L'AI Act, le fameux règlement européen sur l'intelligence artificielle, est officiellement entré en vigueur le 1er août 2024. Une nouvelle étape a été franchie le 2 août 2026, et les règles du jeu ont évolué avec l'application des obligations de transparence de l'article 50. Concrètement, cela concerne de nombreux outils du quotidien : les chatbots avec lesquels un prospect peut discuter une bonne partie de la nuit, les deepfakes, les contenus générés ou modifiés par l'IA, ou encore les articles traitant de sujets d'intérêt public publiés sans aucune relecture humaine.

Cette période annonce aussi une nouvelle phase de contrôle. Les autorités nationales de surveillance veillent au respect des règles sur l'IA. De son côté, le Bureau européen de l'IA s'occupe des systèmes sous sa supervision directe et des fournisseurs de modèles d'IA à usage général. Afin d'encadrer les auteurs de grands modèles d'IA, la Commission européenne peut exercer de réels moyens de pression. Elle peut ainsi tester directement les modèles pour les évaluer, exiger des informations, imposer des mesures afin de limiter les risques et même infliger des sanctions si nécessaire. Dans ce cas, Bruxelles a même la possibilité d'exiger le retrait ou le rappel d'un modèle, voire même de restreindre sa diffusion sur le marché européen.

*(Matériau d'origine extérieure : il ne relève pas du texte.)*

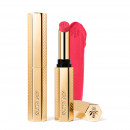 guerlain-kisskiss-bee-glow-matte-the-matte-lipstick-with-honey-that-defies-transfer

Par ailleurs, le calendrier a été changé au tout dernier moment. L'application des principales règles pour les systèmes « à haut risque » de l'annexe III a été repoussée au 2 décembre 2027 par l'Omnibus européen sur l'intelligence artificielle, qui est entré en vigueur le 27 juillet 2026.

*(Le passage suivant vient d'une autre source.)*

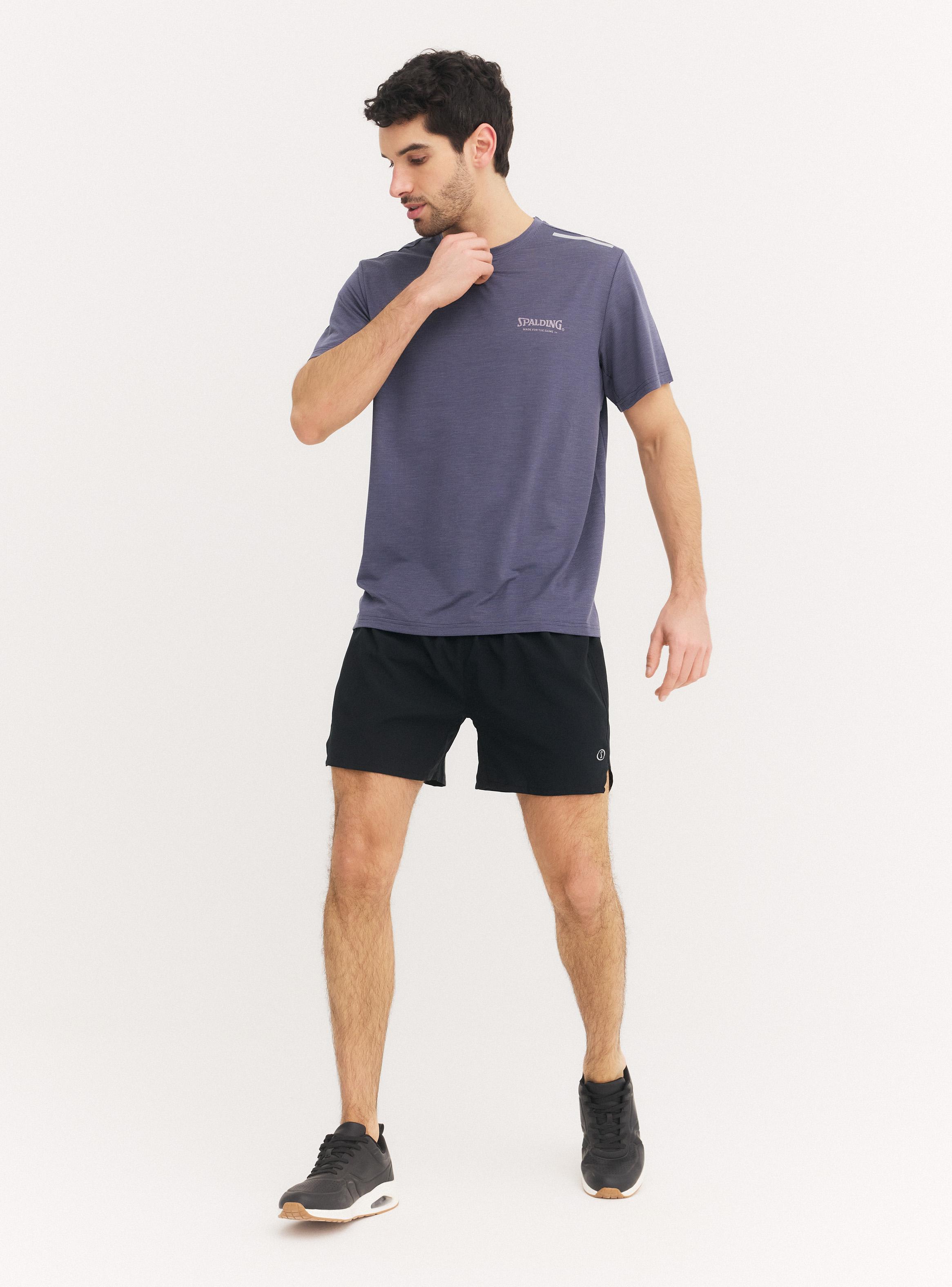Short 5 Calza interna-4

Le « fournisseur » et le « déployeur » doivent être différenciés. Le premier crée le système d'IA ou le commercialise sous sa propre marque. Le second, quant à lui, l'emploie au quotidien dans son activité professionnelle. Concrètement, si une agence utilise un assistant de rédaction pour ses annonces, un outil de retouche d'image ou un chatbot développé par un tiers, elle est considérée un déployeur. Cette distinction est déterminante, car elle clarifie les responsabilités de chacun. Par exemple, le fournisseur d'un chatbot doit concevoir l'outil de manière à ce que les utilisateurs sachent qu'ils s'adressent à une IA. De son côté, l'agence, qui intègre la solution, doit simplement s'assurer à ce que cette mention apparaisse clairement et reste bien visible, même après avoir personnalisé l'interface.

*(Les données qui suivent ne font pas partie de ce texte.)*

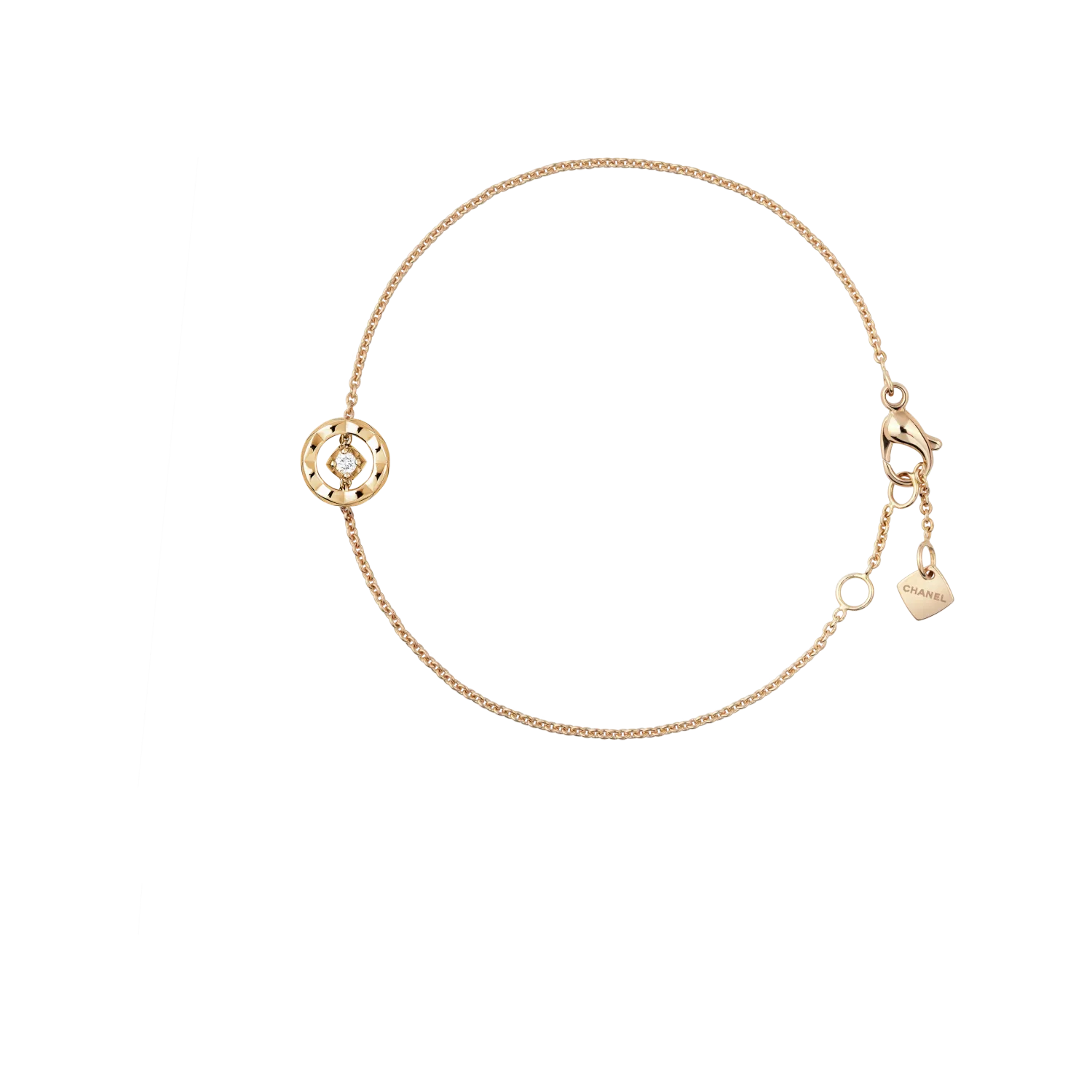 Coco Crush Bracelet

Au-delà des contraintes, l'AI Act encourage surtout les entreprises à faire un état des lieux de leur propre utilisation de l'intelligence artificielle. Pour les agences immobilières, le bon réflexe est donc de lister tous les outils déjà intégrés au quotidien : chatbots, générateurs d'images, assistants de rédaction ou n'importe quel autre logiciel qui utilise l'IA. Cet inventaire permettra de repérer facilement où s'appliquent les règles de transparence et de s'organiser sereinement.